A quick aside: “Twat” isn’t that offensive in British English. Even the conservative Prime Minister Cameron recently said ” too many twits might make a twat”. It has sort of lost the genital meaning, and now mainly means “clumsy idiot”. Cf. “twatted” = extremely drunk. Or “twat him” = hit him really hard.

My inner armchair strategist sneered with contempt as I saw the pitiful ramparts where Pyp (R.I.P) and Sam were stationed at the start of the battle. Why would you have firing positions large enough for a guy called “Giantsbane” to climb through? How about some masonry, spikes and narrow slits? That looked more like a romantic mock tudor balcony than anything else.

Did Sam just invent condoms? And sexual loopholes? He is really the GRRM Mary-Stu. Look, fat bearded celibate cowards CAN be heroes and get the ladies! Rejoice!

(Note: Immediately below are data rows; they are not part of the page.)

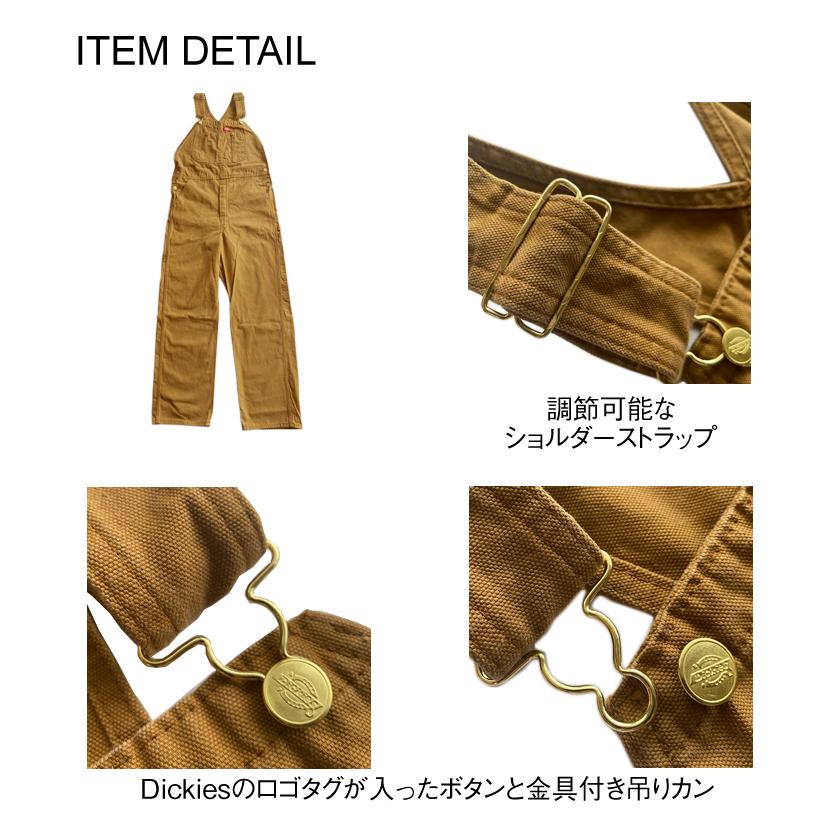 Dickies（ディッキーズ） 【Dickies】DB100 ビブ オーバーオール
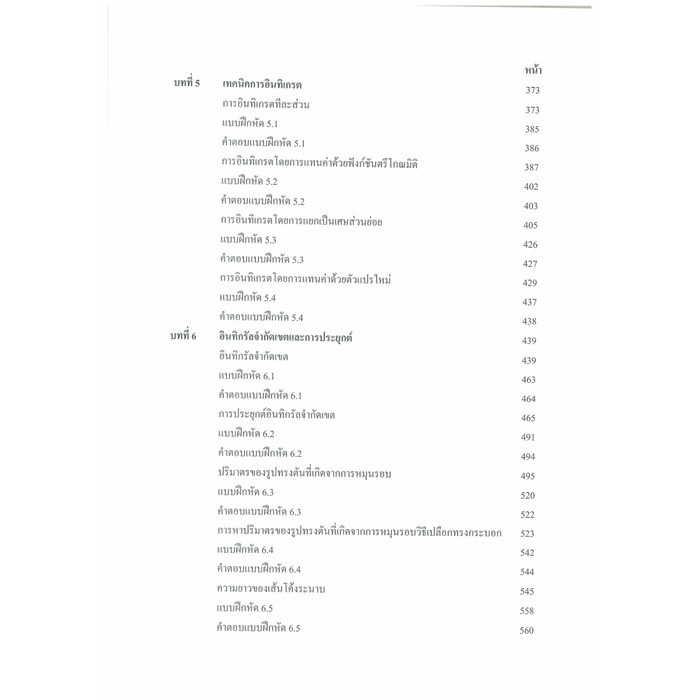 แคลคูลัส 1 สำหรับวิศวกร ระดับ ปวส. และระดับปริญญาตรี 9786162139130 - รูปที่ 3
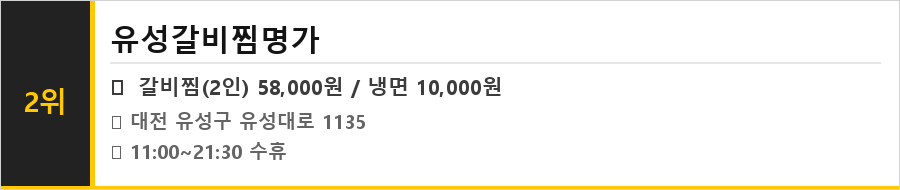 대전 유성구 맛집 식당정보카드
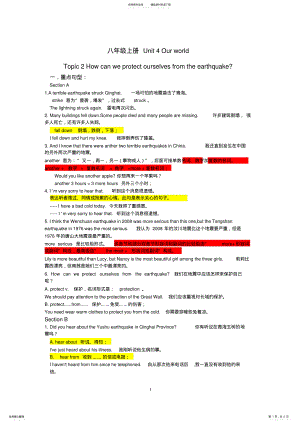 2022年秋季仁爱英语八年级上册Unittopic重点知识点总结及练习 .pdf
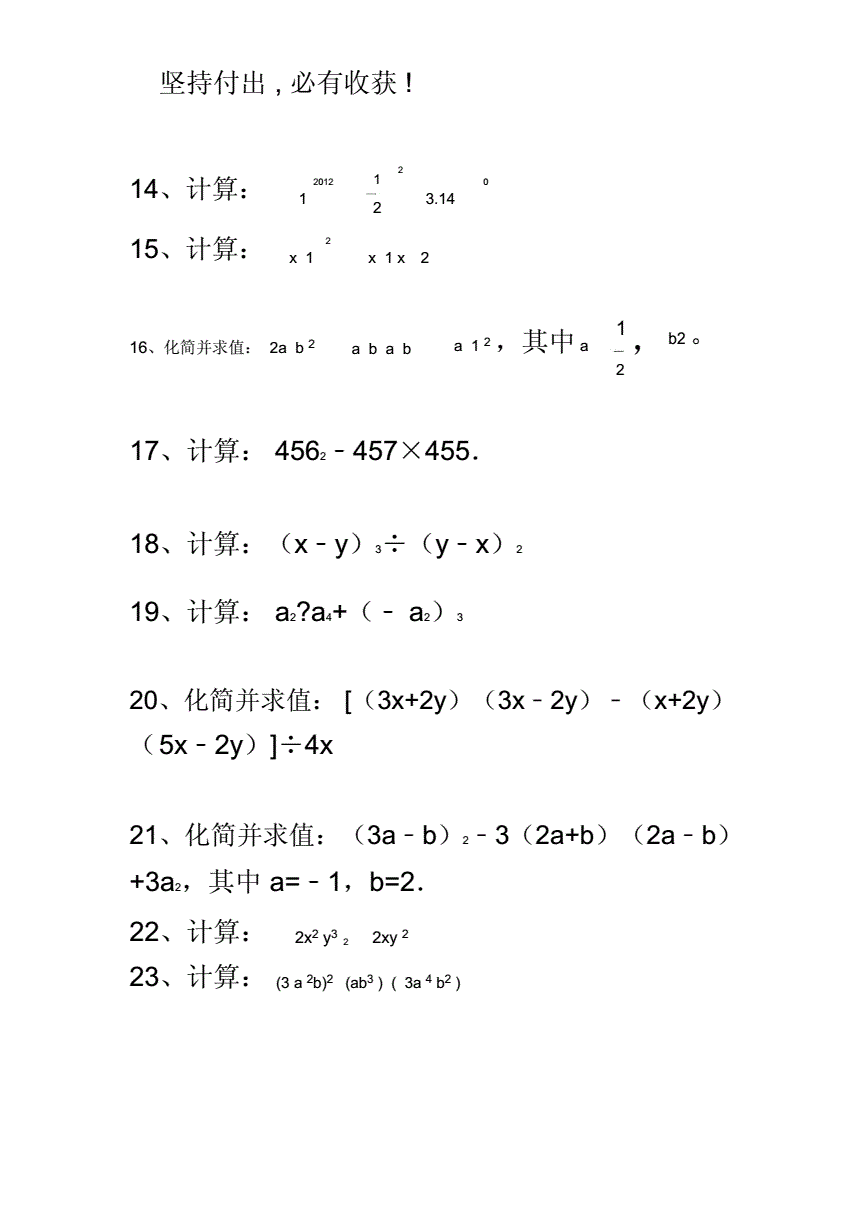 初中数学题100道(初中数学题100道应用题)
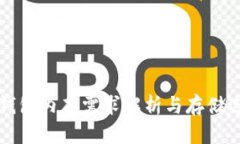 比特币钱包内存需求解析与存储选择指南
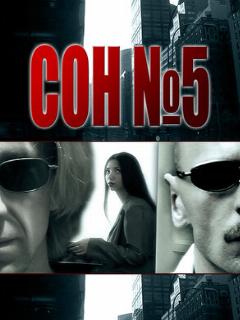 Постер: Сон №5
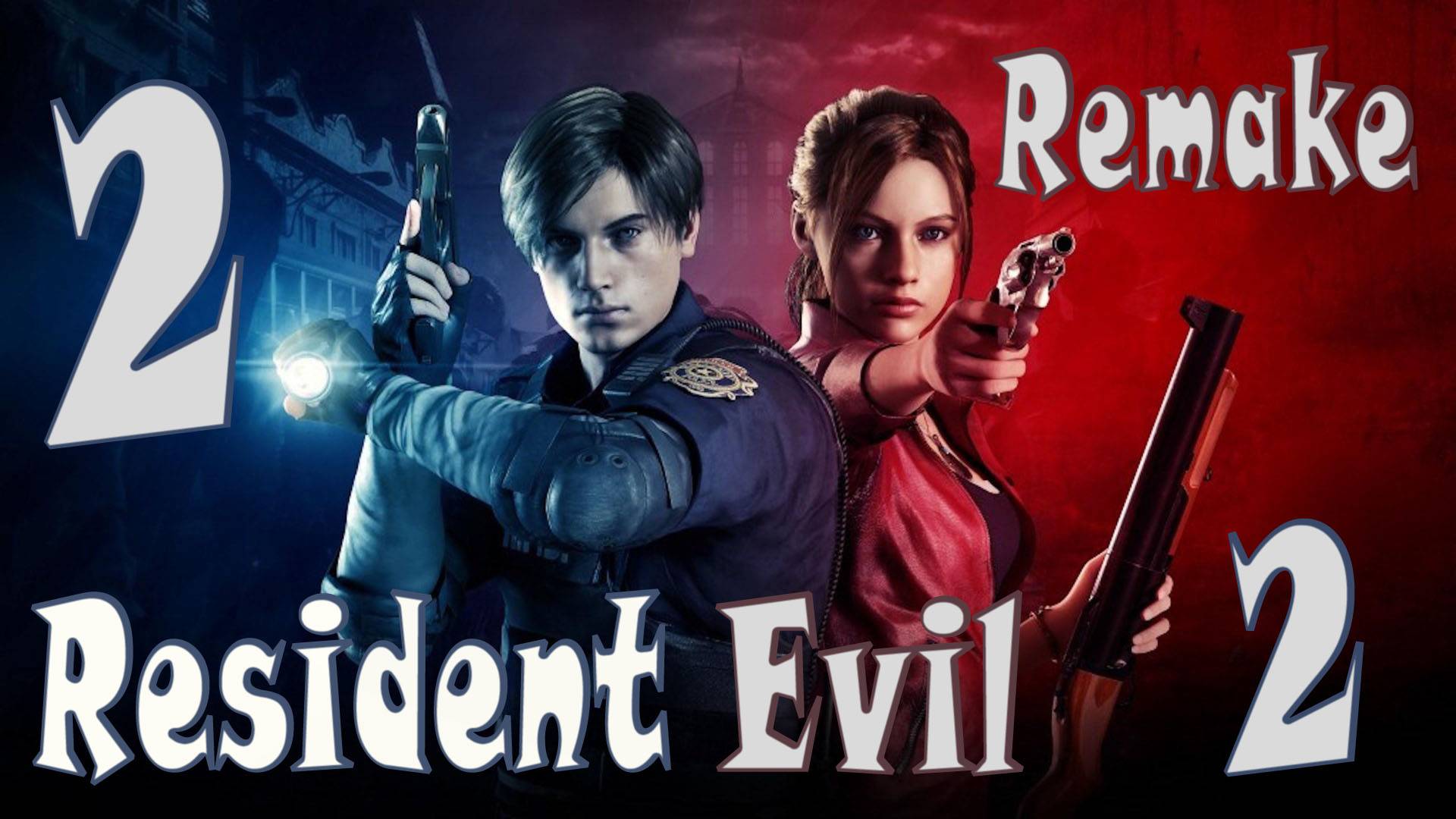 Resident Evil 2 Remake ИГРАЮ В ПЕРВЫЙ РАЗ #2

It would have been hilarious if there had been an uncomfortably long post-battle sauna scene, where the surviving Crows sponge the blood and grime off of each other, in slow motion, set to some Luther Vandross. For the ladies.

You won’t believe me, Karl, but I had the same thought about the bath! I thought that would be the inevitable result in GoT world. My image does not have Luther Vandross, but that detail is, um, interesting. And who says its only for the ladies?? Maybe for next year’s pre-season Vanity Fair cover, all the featured actors will be lolling in a steam bath. With Gilly applying various salves, and Maester Aemon applying … wait a minute, check that.

Yes, it does seem that Sam is a lover not a fighter.